Tampak seekor kucing milik nenek. Dikejarnya sampai kucing ngibrit masuk ke rumah.  Dan tawa lepasnya memecah sunyi. Begitulah, caranya bercanda.

Dia berpaling ke sisi lain.  matanya mencari-cari sesuatu. Tiba-tiba didekatinya onggokan batu-batu dan kayu di satu sisi lapangan.  Beberapa kawat dan barang-barang sisa renovasi bangunan masih menumpuk di situ.
"Adeekk, tidak boleh memeanjat ke situ." Aku berusaha menggagalkan pendakiannya.
Khawatir ada paku, kaca atau kawat dan batu tajam yang bisa melukai dia.
Dia menoleh sebentar, lalu melanjutkan memanjat gundukan batu di sisi pagar.
"Adek, turun!"
Tak digubrisnya teriakanku.  Dia terus memanjat.
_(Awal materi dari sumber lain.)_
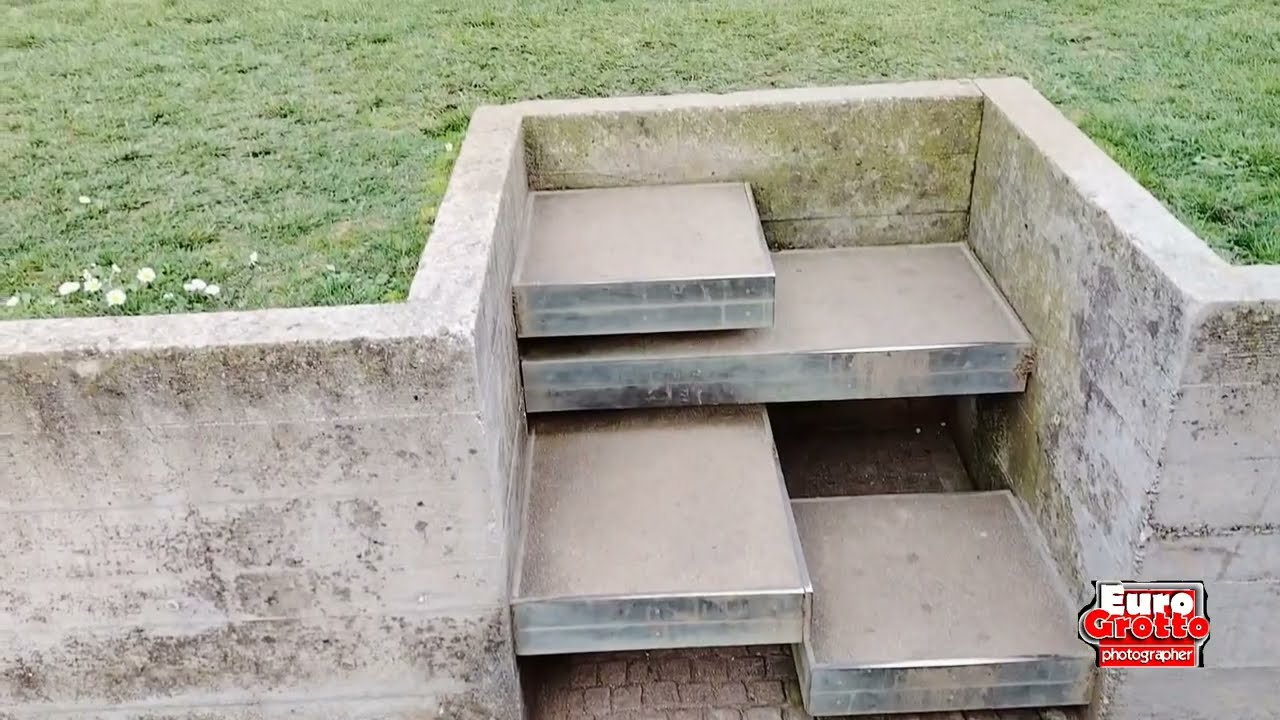 Oggi a... San Vito di Altivole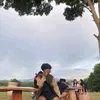 ejok00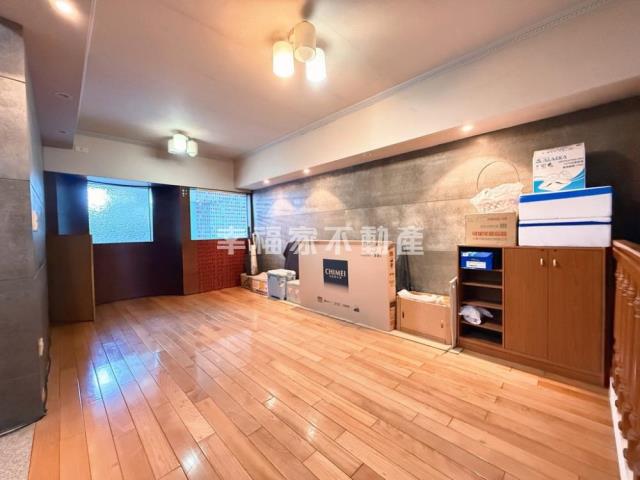 台南東區大樓-3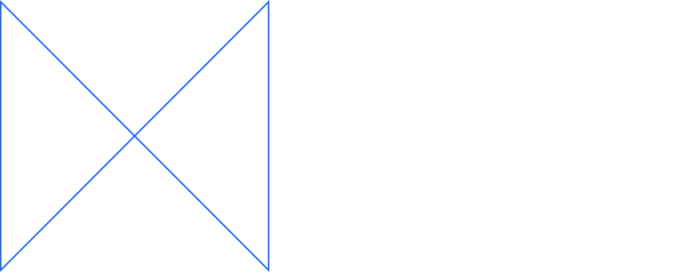 Why Both? Because They Make Each Other Better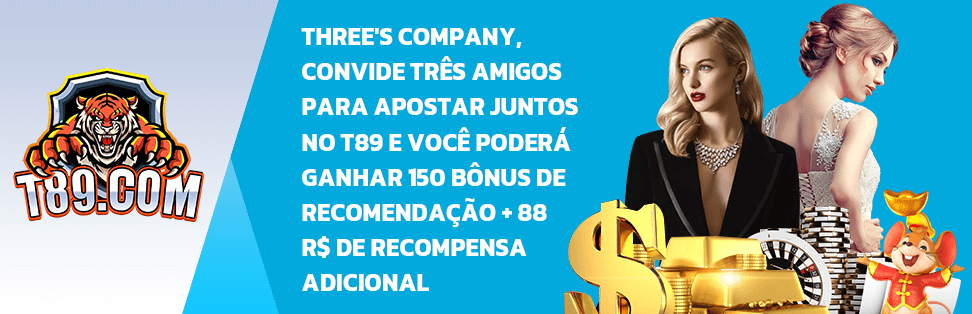 psg tá ganhando site de apostas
Pasti ada sesuatu yang diinginkannya.
"Adek,"aku melunak,"Hati-hati ya!"
Dia tersenyum.

Sesuatu itu digenggamnya, lalu melangkah turun kembali dan berlari mendekatiku.
"Umi, bunga melati ini buat Umi" Diraihnya tanganku. Lalu diciumnya melati yang sudah berada ditelapakku itu. "Hmm...wangi..." Dia tersenyum puas.
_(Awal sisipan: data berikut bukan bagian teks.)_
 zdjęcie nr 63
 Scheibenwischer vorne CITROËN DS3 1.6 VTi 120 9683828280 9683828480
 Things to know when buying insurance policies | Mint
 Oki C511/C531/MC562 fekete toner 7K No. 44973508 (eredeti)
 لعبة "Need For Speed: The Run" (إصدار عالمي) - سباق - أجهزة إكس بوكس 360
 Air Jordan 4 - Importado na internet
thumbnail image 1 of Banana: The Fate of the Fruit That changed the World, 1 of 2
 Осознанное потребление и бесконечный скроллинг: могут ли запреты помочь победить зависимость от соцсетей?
Aku terharu.  Jadi ini yang membuat dia mengacuhkan bahaya sejenak tadi.
"Makasih ya Dek..."
"Taruh di jilbab Umi lah," Diselipkannya melati itu ke dekat telingaku. Lalu tersenyum.
"Ummi Cantik," Begitu katanya.
Aku tersenyum. Putraku yang satu ini romantis banget.
"Makasih yaa Mas Umar.  Ummi sayang sama Umar." Aku megecup keningnya.
Dia mengangguk, tersenyum, lalu beranjak pergi.

Ah, Abdulloh Umar, how romantic you are...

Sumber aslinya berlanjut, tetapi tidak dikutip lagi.